Recensione UNA DONNA PER AMICA

Recensione una donna per amica




Regia di Giovanni Veronesi con Fabio De Luigi, Laetitia Casta, Valeria Solarino, Monica Scattini, Valentina Lodovini, Adriano Giannini, Flavio Montrucchio, Antonia Liskova, Miriam Dalmazio, Geppi Cucciari, Virginia Raffaele

Recensione a cura di peucezia

Giovanni Veronesi ritorna alla commedia sentimentale dopo "Manuale d'amore", film di discreta fattura e altrettanto successo, per trattare un classico argomento adolescenziale ovvero l'amicizia e il sottile confine che la divide con l'attrazione tra un uomo e una donna.
In questa pellicola gli Harry e Sally nostrani - anche se trattasi di impropria affermazione visto che la protagonista femminile è francese e interpreta il ruolo di una francofona - sono Fabio De Luigi e la modella d'oltralpe Laetitia Casta. Accanto a loro un nutrito gruppo di attori e attrici quasi onnipresenti nella filmografia nazionale degli ultimi dieci anni.

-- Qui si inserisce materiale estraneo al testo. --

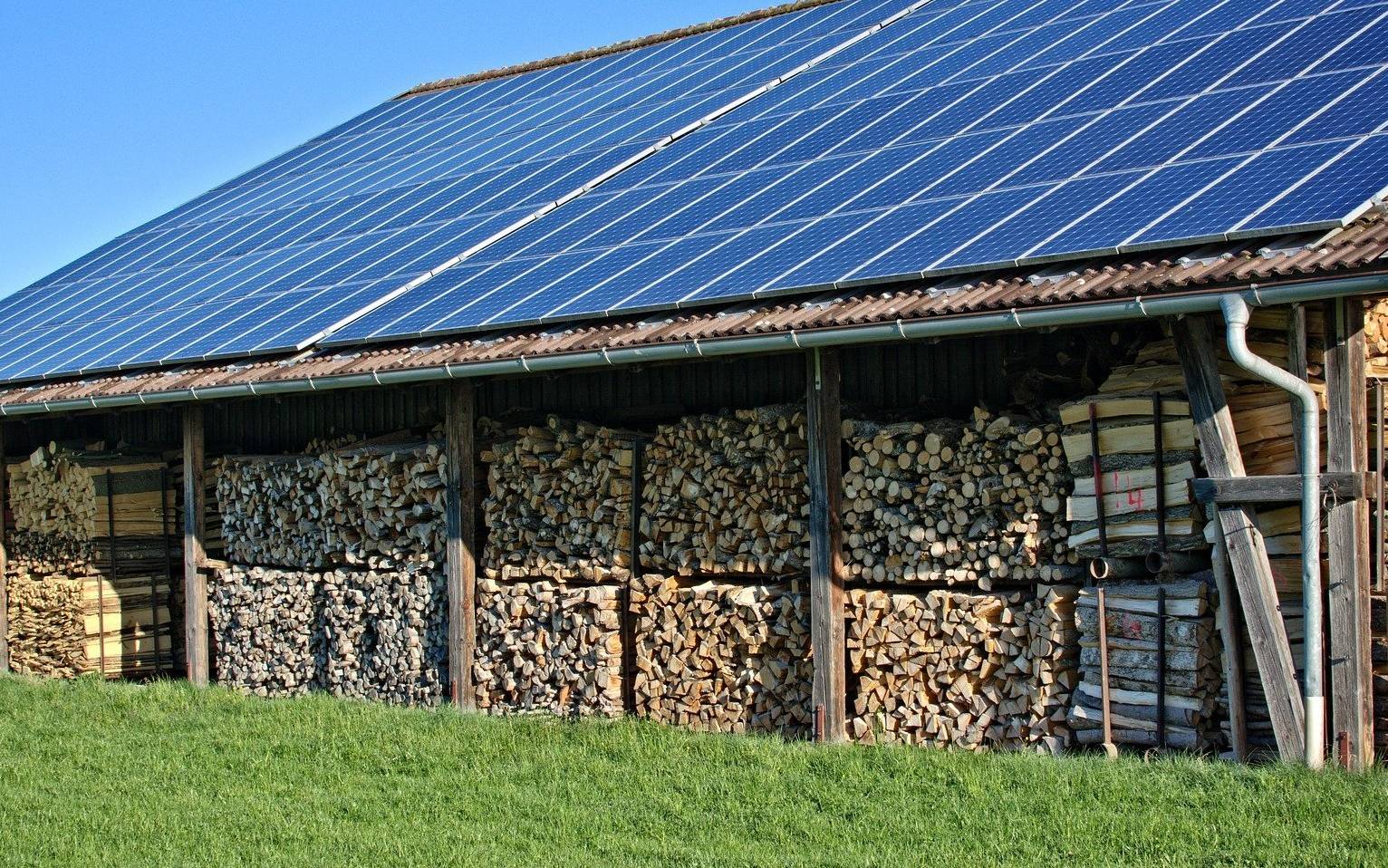 Grafika do artykułu Polacy pokochali prąd ze słońca. Panele na dachu, to miliony ton CO2 mniej w powietrzu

L'idea di base del film malgrado la sua scarsa originalità, essendo stata declinata in varie lingue e scuole filmiche da decenni, nonché la presenza di un cast di tutto rispetto, avrebbe potuto fornire al regista la base per la realizzazione di una trama spigliata e divertente. Invece il risultato non supera la stiracchiata sufficienza perché, al contrario, Veronesi punta sulle gag spicce e sul sorriso dalla imperfetta dentatura della bella Laetitia, alla quale non riesce molto bene puntare sulla recitazione piuttosto che su altre doti naturali.